(Stored entries)
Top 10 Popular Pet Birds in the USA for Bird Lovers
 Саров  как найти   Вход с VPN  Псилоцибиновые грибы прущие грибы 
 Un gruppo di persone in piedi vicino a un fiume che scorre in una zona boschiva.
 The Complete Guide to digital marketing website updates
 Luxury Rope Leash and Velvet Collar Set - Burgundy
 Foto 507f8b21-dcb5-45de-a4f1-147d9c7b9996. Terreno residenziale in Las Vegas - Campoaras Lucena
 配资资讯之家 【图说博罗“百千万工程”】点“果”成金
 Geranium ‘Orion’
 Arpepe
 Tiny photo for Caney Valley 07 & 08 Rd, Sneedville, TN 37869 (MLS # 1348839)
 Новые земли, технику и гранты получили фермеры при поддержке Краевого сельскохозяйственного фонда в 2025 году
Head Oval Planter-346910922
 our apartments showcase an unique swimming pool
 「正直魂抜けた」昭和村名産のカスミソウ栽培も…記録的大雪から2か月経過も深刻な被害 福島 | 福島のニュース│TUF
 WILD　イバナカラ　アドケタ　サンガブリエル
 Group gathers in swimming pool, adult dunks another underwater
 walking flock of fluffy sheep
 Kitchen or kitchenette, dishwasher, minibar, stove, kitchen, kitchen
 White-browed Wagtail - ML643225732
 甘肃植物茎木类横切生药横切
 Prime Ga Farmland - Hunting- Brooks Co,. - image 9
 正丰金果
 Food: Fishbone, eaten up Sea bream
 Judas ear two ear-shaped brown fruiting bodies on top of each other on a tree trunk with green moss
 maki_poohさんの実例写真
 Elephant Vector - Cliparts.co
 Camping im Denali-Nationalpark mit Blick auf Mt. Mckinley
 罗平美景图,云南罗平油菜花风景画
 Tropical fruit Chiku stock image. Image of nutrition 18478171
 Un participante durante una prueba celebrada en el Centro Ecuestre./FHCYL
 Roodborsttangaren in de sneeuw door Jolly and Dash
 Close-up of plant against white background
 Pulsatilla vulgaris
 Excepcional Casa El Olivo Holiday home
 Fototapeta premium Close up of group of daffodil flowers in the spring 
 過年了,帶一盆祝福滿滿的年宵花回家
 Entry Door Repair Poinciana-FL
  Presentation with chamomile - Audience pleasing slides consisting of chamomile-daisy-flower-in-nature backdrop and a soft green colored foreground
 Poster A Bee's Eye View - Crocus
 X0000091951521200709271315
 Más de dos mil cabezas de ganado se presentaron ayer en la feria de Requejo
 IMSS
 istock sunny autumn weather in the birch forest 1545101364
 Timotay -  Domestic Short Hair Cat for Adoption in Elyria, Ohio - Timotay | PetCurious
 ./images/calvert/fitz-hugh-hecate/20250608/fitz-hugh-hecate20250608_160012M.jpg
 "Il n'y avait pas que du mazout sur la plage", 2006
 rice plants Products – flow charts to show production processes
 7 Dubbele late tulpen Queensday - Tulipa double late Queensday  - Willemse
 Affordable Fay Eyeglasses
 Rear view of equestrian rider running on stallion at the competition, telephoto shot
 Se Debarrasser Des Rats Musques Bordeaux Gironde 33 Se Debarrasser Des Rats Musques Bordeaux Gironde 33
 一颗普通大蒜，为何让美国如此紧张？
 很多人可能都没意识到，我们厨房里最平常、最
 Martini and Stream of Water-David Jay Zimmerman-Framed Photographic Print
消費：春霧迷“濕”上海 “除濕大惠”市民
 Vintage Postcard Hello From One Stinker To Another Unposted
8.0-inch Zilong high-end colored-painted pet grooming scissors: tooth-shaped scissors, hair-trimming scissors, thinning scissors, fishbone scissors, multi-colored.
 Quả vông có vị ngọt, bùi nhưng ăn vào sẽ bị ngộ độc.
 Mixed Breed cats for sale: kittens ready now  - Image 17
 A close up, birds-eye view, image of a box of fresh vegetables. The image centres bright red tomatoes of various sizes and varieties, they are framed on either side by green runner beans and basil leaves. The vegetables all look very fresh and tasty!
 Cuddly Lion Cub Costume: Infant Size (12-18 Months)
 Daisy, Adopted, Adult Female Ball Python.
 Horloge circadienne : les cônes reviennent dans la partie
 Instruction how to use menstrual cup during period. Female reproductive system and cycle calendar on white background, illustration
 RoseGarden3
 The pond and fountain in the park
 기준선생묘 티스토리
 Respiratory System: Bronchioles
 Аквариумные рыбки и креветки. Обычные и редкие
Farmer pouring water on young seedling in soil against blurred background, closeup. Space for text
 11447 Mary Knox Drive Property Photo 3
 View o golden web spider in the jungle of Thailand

→ Exercise description:
Among the entries above, how many lines contain the string "background"? Write the number alone.

→ Task solution:
3